In the central route critical thinking is in full force. In the peripheral it is greatly reduced, or almost absent.

There is a very important reason Ron Hubbard wanted, even needed, critical thinking aka the central route abandoned.

David Shumann has studied ads with repetition and variation extensively. He found ads without variation suffer from the wear out effect consistently. By adding variation to ads that use the peripheral route those ads avoid wear out. BUT ads that encourage the central rote aka critical thinking regarding the ads experience wear out whether variation occurs or not. In the central route repetition actually is annoying AND provides extra opportunities to judge and analyze the message !

That made inhibiting  critical and independent thinking crucial to Hubbard's methods. He needed the central route abandoned and only the peripheral route custom made for his indoctrination. I cannot possibly emphasize that enough.

Hubbard followed Goebbels example and sought to reduce complex problems to simple solutions-his solutions, and through repetition with variation to instill a reality with himself as the highest possible authority, an infallible authority. And through encouraging only the peripheral route to substitute his ideas for counter arguments and critical thinking regarding his doctrine. Unfortunately with thousands of Scientologists his methods were quite effective.

I hope this post has done several things: Brought light to the idea that there are many tools to dissect Scientology and reveal its true nature.

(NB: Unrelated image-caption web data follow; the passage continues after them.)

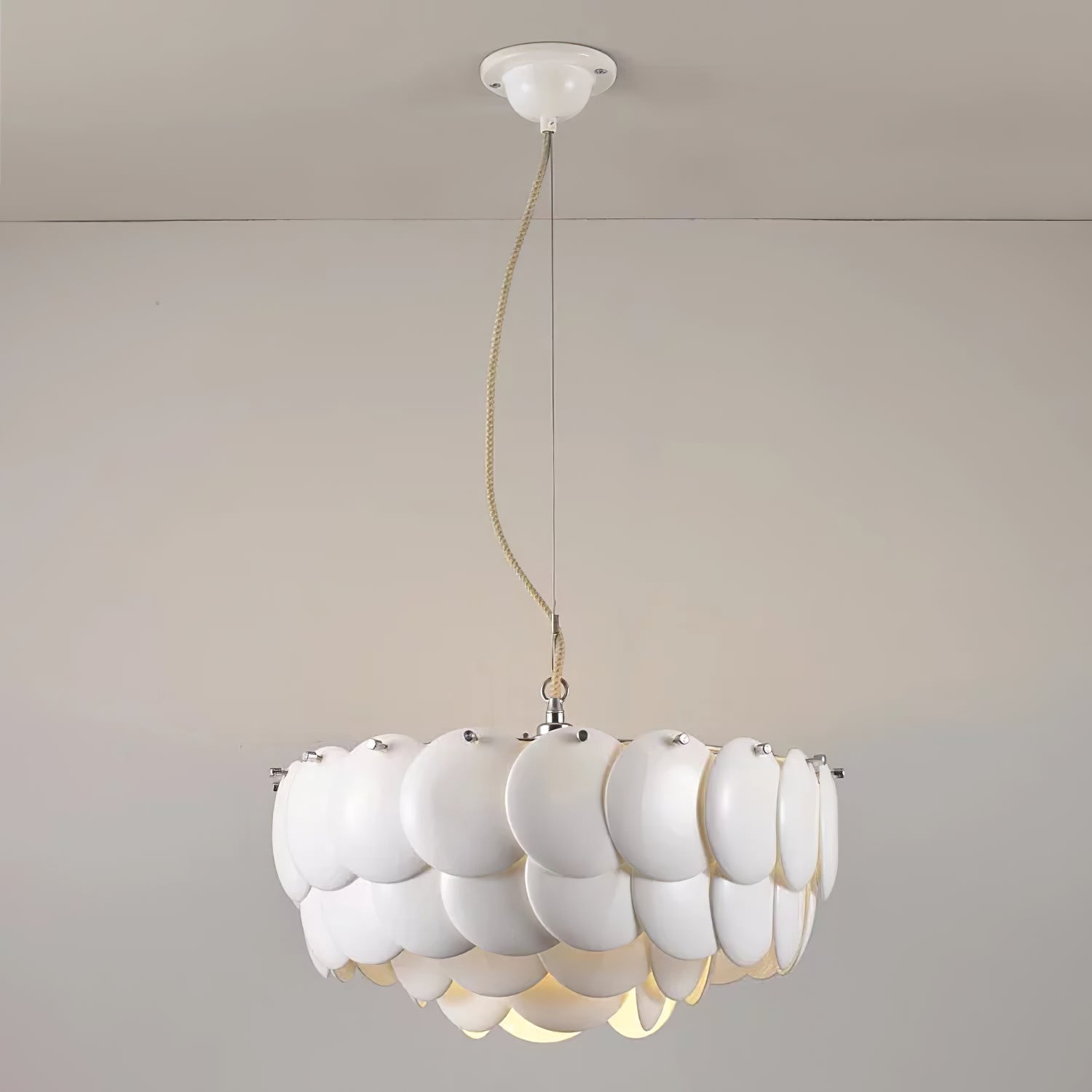 Coshael Lustre Métal Céramique Luxe Postmoderne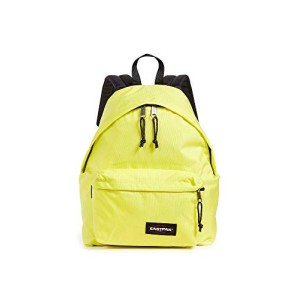 Eastpack Padded Pak'r Zaino, 40 cm, 24 L, Neon Lime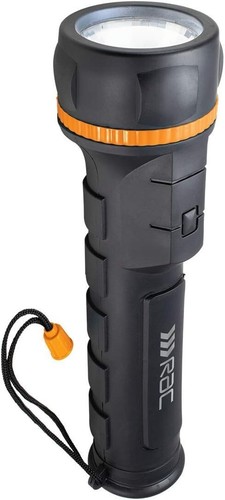 Heavy duty led - rubber, rac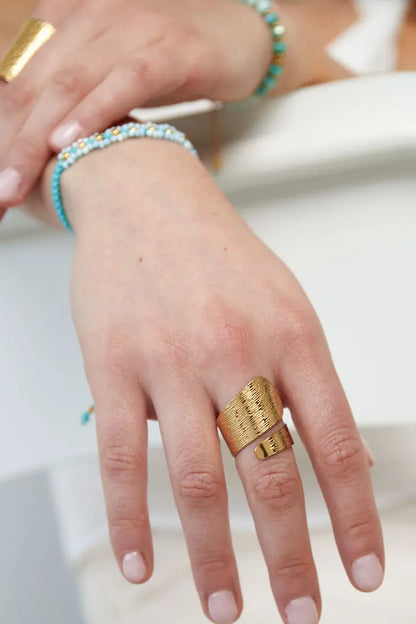 Bague Alexandra
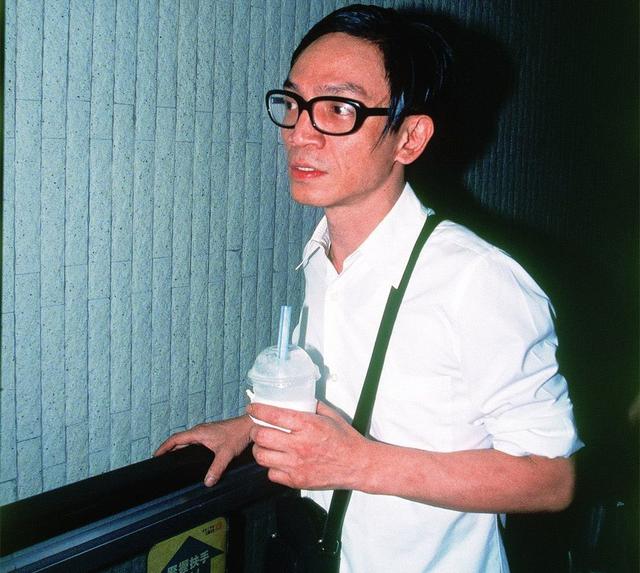 香港娱乐圈传奇,香港艺人李丽珍近况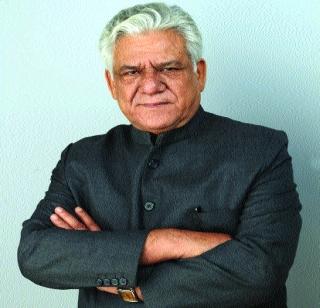 Om Puri's non-playing role | ओम पुरी यांच्या काही अजरामर भूमिका Om Puri's non-playing role | ओम पुरी यांच्या काही अजरामर भूमिका
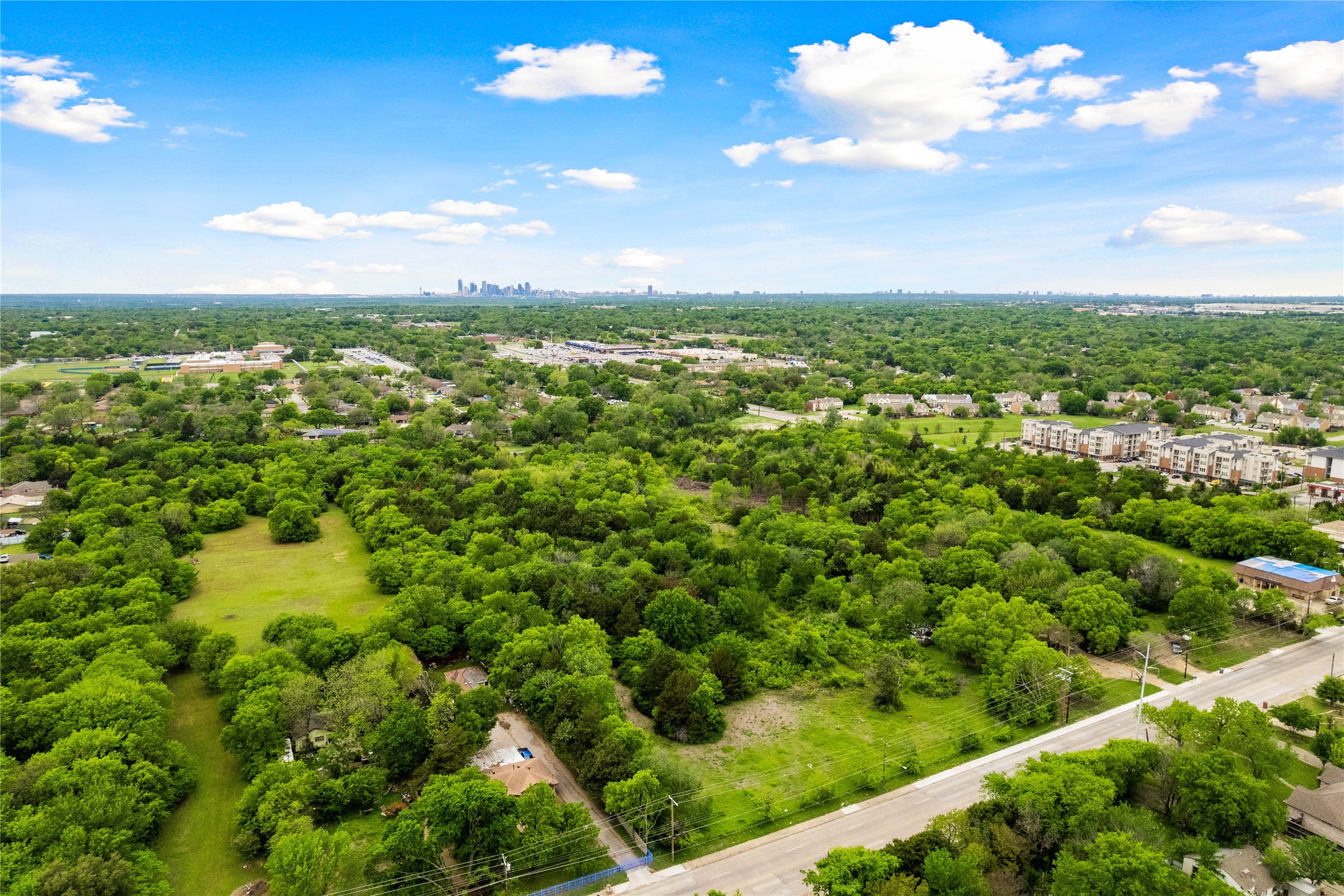 1953 N Street Augustine Drive Dallas TX 75217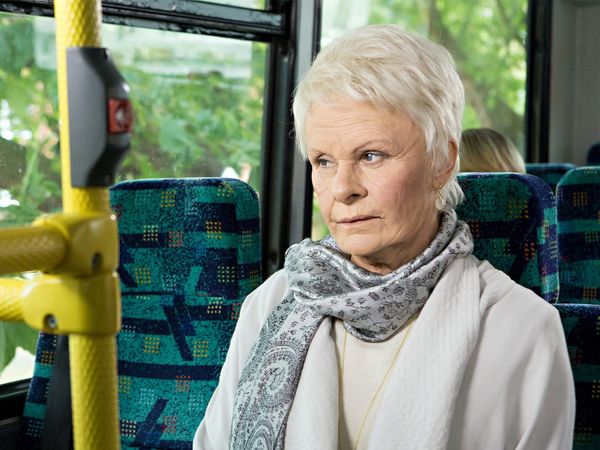Tracey Ullman's Show - Episode 2
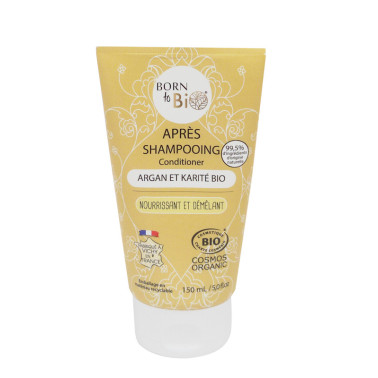 Après Shampoing Argan Karité 150 ml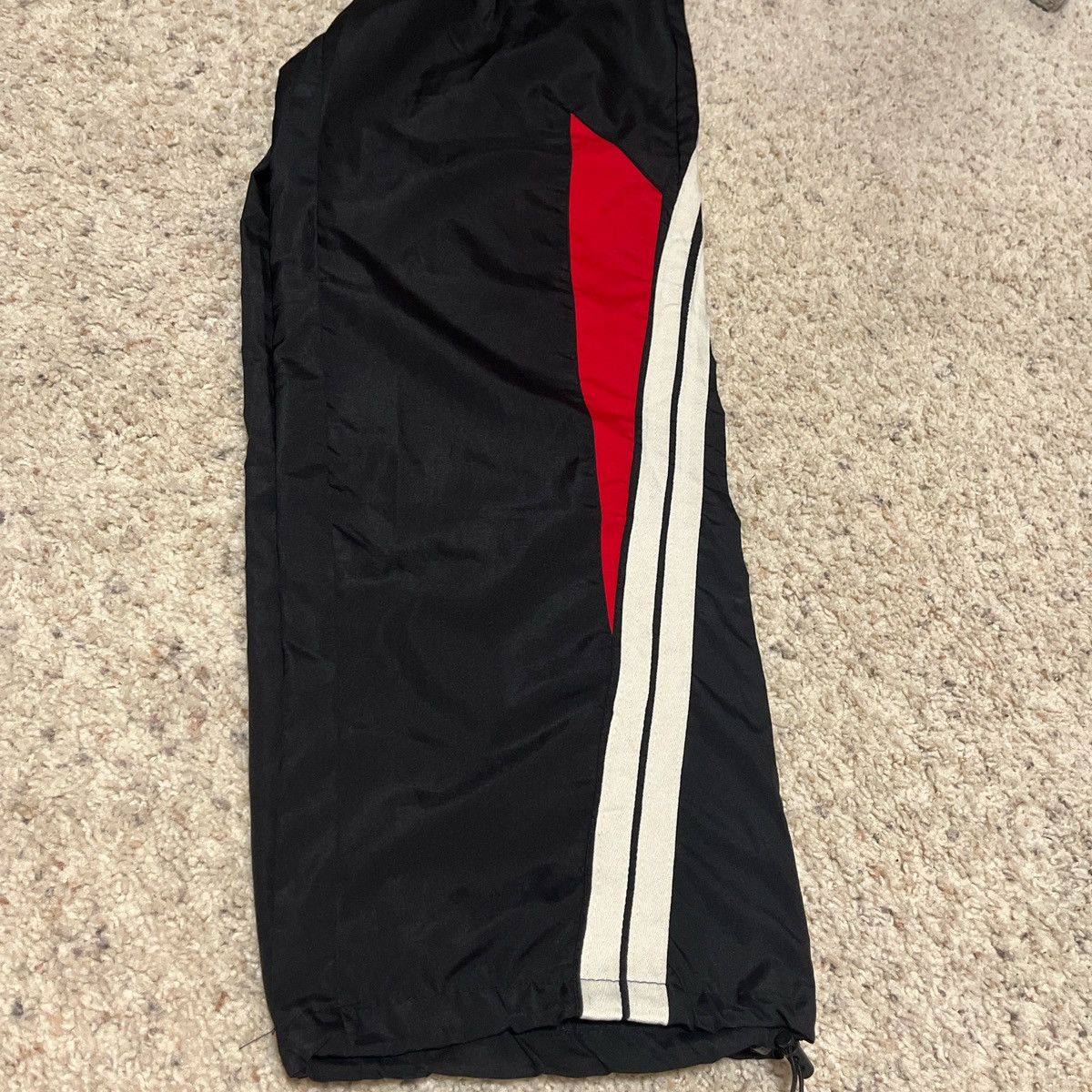 JNCO × Nike × Southpole no brand trackpants Size US 32 / EU 48 - 2 Thumbnail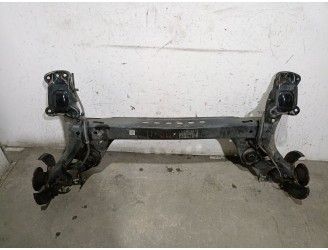 Recambio de puente trasero para seat leon (5f1) 1.5 tsi referencia OEM IAM 5Q0501049BH 5Q0501049BH 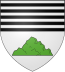 Blason de Vaudémont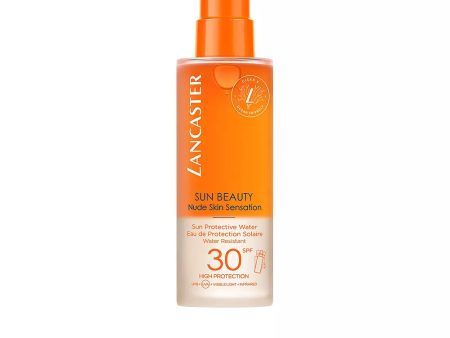 ÁGUA PROTETORA SOLAR SUN BEAUTY FPS30 150 ml Discount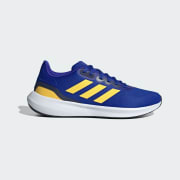 Artikelkleur: Lucid Blue / Spark / Dark Blue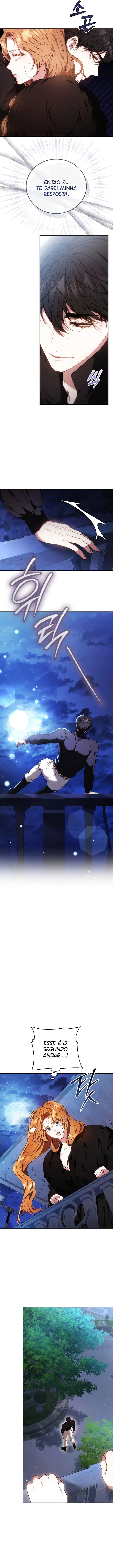 Criarei esse Menino como Filho de Outro Homem Capítulo 3 Página 9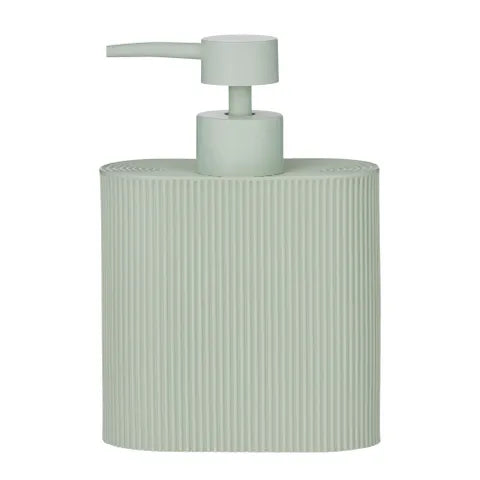 Sid Resin Dispenser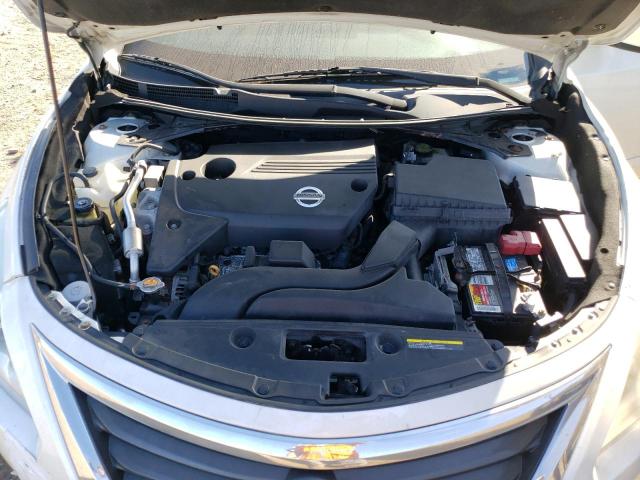 Photo 11 from auction – 2015 NISSAN ALTIMA 2.5 with VIN 1N4AL3AP3FN353066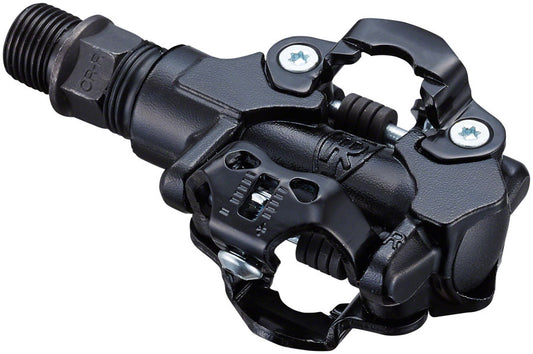 Ritchey Comp XC Pedals - Dual Sided Clipless Aluminum 9/16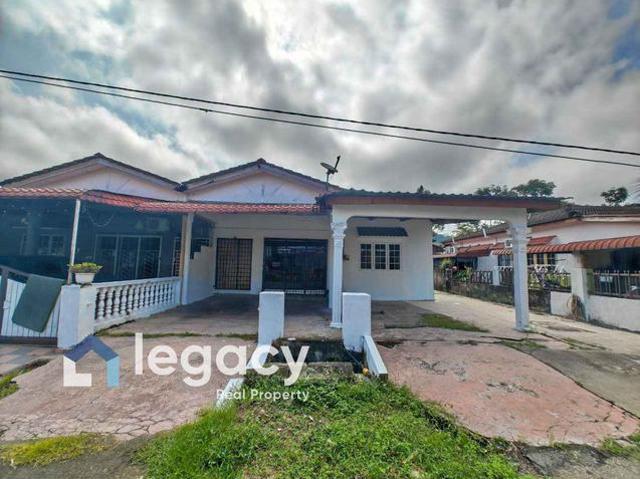 Terraced House for sale in Gerik, Hulu Perak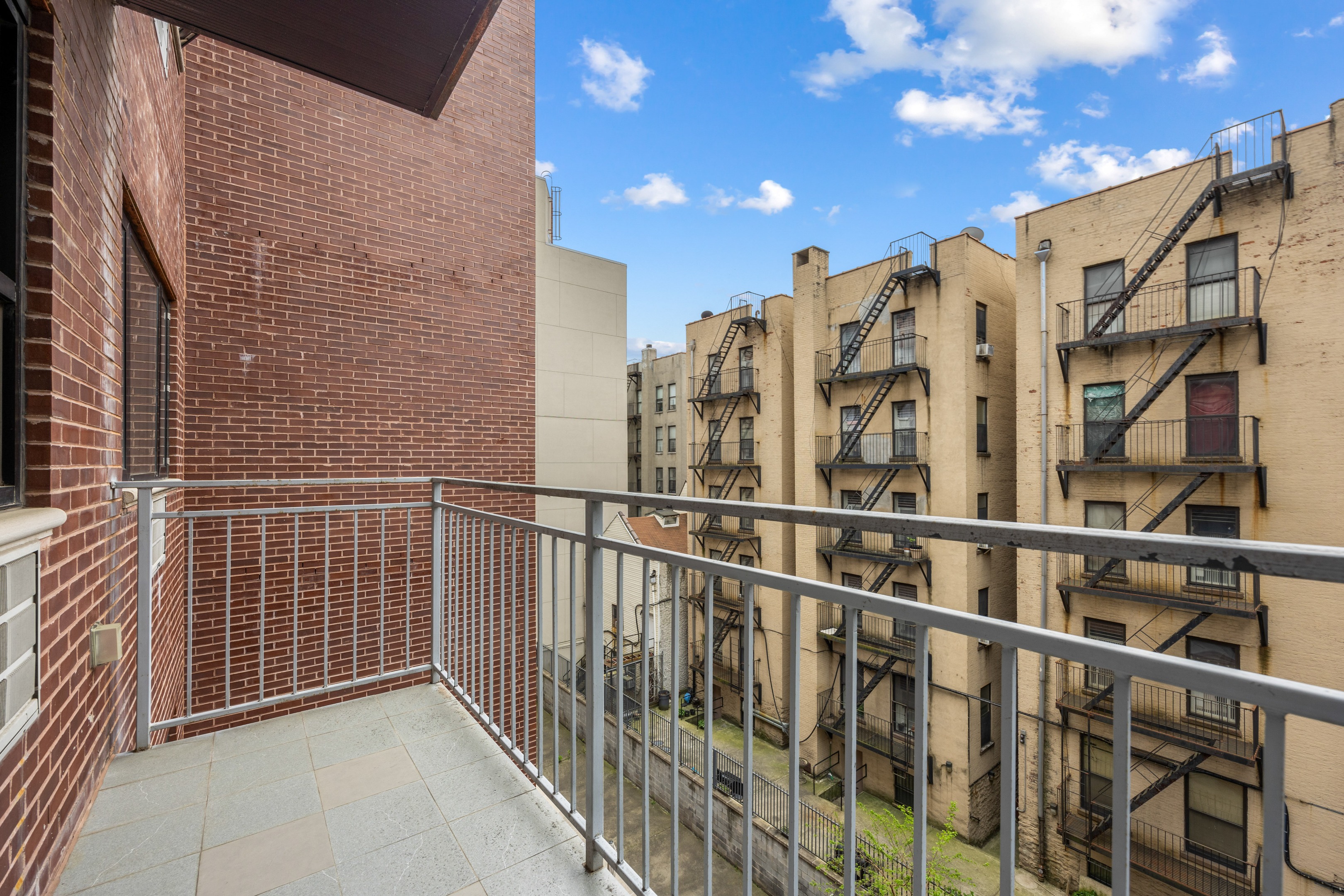 456 W 167th Street 4D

Hypnotism, psychology and other subjects can pull back the curtain on Hubbard's complex con and free minds from the fraud.

Additionally, I hope that it shows concepts from hypnosis and psychology can compliment each other, and are not in conflict. I also hope it encourages people to look at studies and their results to uncover how our minds really work . Psychology is not a perfect science, hypnotism is not a thoroughly established scientifically validated practice.

BUT each is very useful for examining Scientology and psychology is much, much more a science than Scientology ever was or will be.

I hope this informs, and encourages much more exploration. Not to repeat myself too much.